Когда Кира открыла глаза, в палате ничего не изменилось. Снаружи звуки притихли, за окном луна ушла, и небо выцвело с чернильного до мутно-серого, на стене стрелка часов переместилась на одиннадцать утра, где-то в школе начались уроки, а в пустой комнате их дома в одиночестве бродила Дина. Кире пришлось оставить её одну, и в будущем она будет винить их с Никой за то, что они не смогли позаботиться о ребёнке, но в прошлом… В прошлом это не имело значения. Как и теперь не имел значения весь этот сторонний пейзаж. По-настоящему замечала она только острые углы пульса на мониторе, запотевшую маску для искусственного дыхания поверх знакомого лица и звук работы аппарата.
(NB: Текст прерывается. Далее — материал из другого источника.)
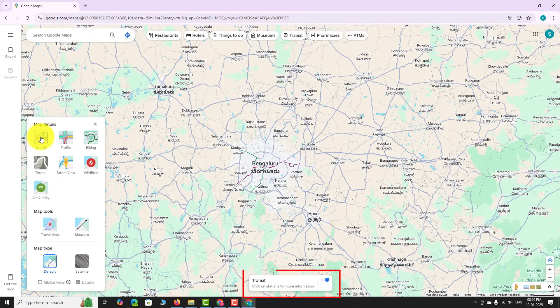The transit layer is now enabled. The map will show public transport routes like train lanes, metro or subway lines, bus routes, and tram or light rail lines.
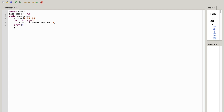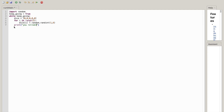Write 'print()' with quotes inside saying 'You rolled:' and after the colon leave an empty space, then hit a comma and write 'dice'. So the print statement will display the dice values the player rolled.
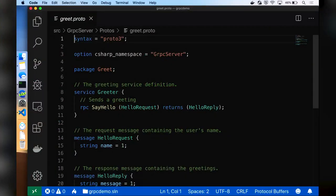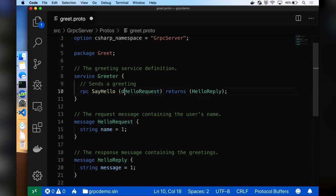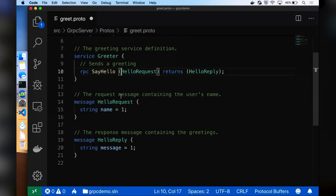Let's jump into a demo. Starting with the proto file — I have a very simple example. I have the proto version specified and two things of interest: the service definition and the message definitions. I have a Greeter service that implements one RPC method. The request message type and response message type are defined. gRPC also has streaming RPCs, but let's stick to a simple unary request-response here. I have a HelloRequest which takes a name and a HelloReply which sends back a greeting.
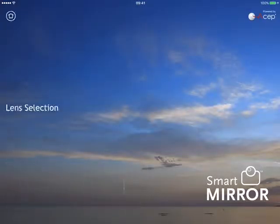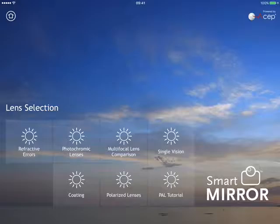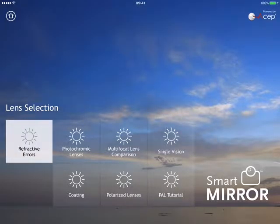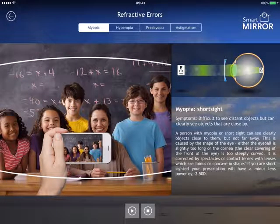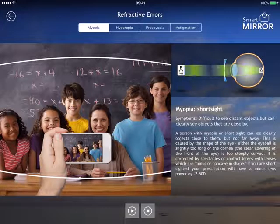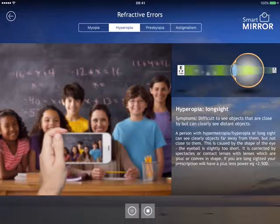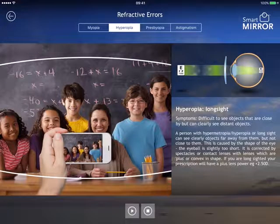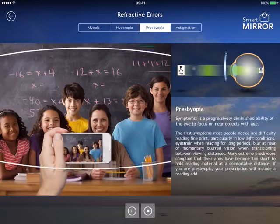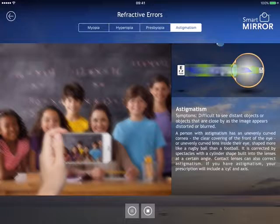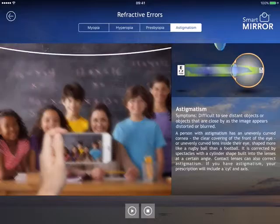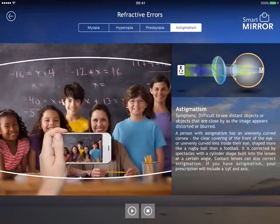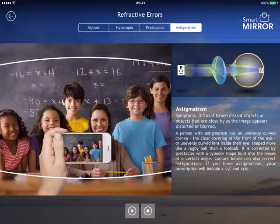You have lens simulation. In lens simulation we have a total of 7 modules, the first being for refractive error. This is a tutorial module that explains to the customer the need for a certain prescription — for example, myopia, hyperopia, presbyopia, and astigmatism. You can also show how these lenses are going to correct vision, so that is something in detail that you can show.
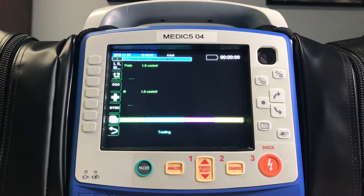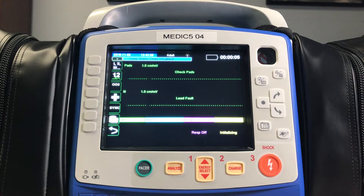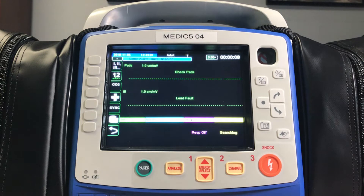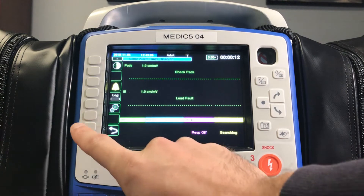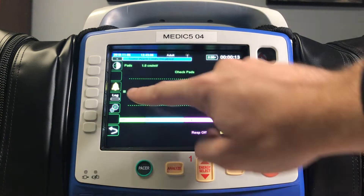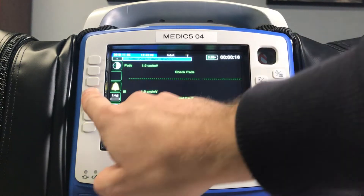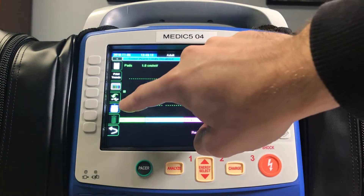Next, we're going to look down to the lower left of the screen and go ahead and push the button that flips your soft keys to the second set of options. On here, you'll see the log button on the left side. You'll push the button associated with the log, which will bring up options regarding patient data.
Он должен был успокаивать, но напрягал, потому что Кира нервически ждала изменения в ритме каждую секунду. Что-то глубоко в системе организма неожиданно собьётся с ритма, что-то пойдёт не так, и прибор запищит на всю комнату, в палату сбегутся врачи, начнутся отчаянные попытки спасения, шум, крик, суета. На опыте фильмов она знала, что ни к какому счастливому исходу такие повороты сюжета не приводят.
Её собственное сердце билось, как бешеное, в камере грудной клетки. В конце концов, от Киры не осталось ничего: тяжесть вины придавила её к земле, страх съел органы чувств. Она не видела ничего, кроме больной, не ощущала ничего, кроме запаха спирта и твёрдого сиденья стула, не слышала ничего, кроме стука двух сердец.